### Your goal:
Only one stretch of the data below is wanted: the lines starting at the one with "Used Volkswagen T-Cross" and ending at the one with "Bolsa Grande De", both included, given again exactly.

### Material for this task:

<<<<

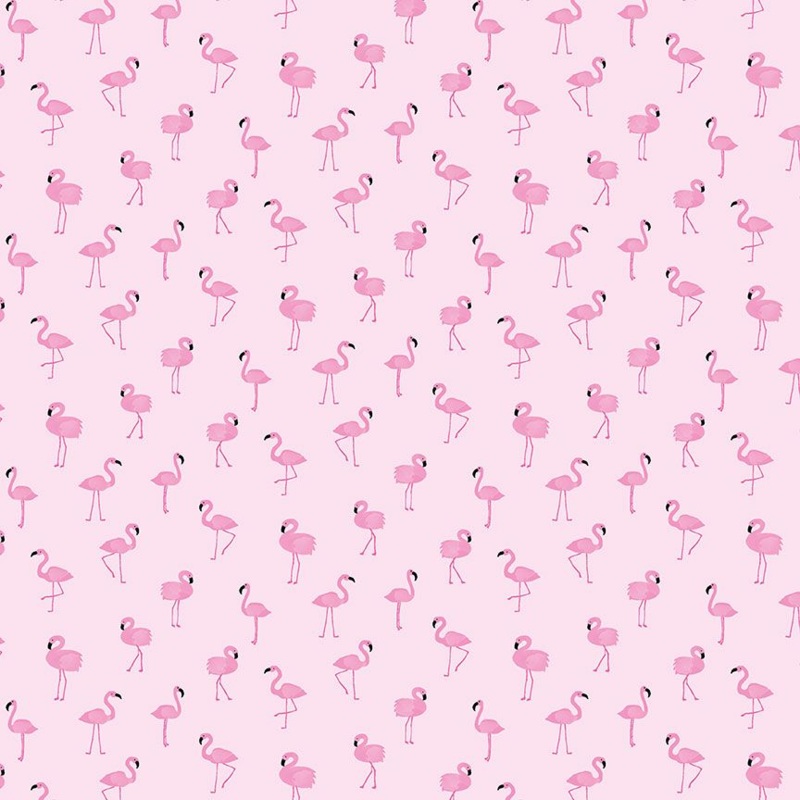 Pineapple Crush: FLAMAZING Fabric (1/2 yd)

>>>>
<<<<

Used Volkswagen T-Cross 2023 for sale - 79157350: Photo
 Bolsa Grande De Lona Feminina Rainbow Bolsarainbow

>>>>
<<<<

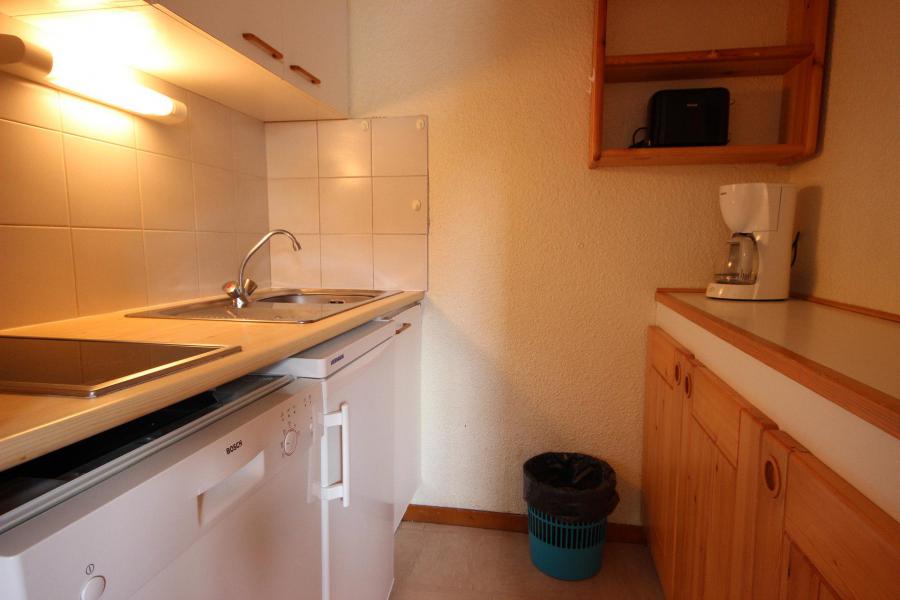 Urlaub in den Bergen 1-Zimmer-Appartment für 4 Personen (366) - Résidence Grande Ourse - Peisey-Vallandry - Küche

>>>>

### Solution to the exercise:
Used Volkswagen T-Cross 2023 for sale - 79157350: Photo
 Bolsa Grande De Lona Feminina Rainbow Bolsarainbow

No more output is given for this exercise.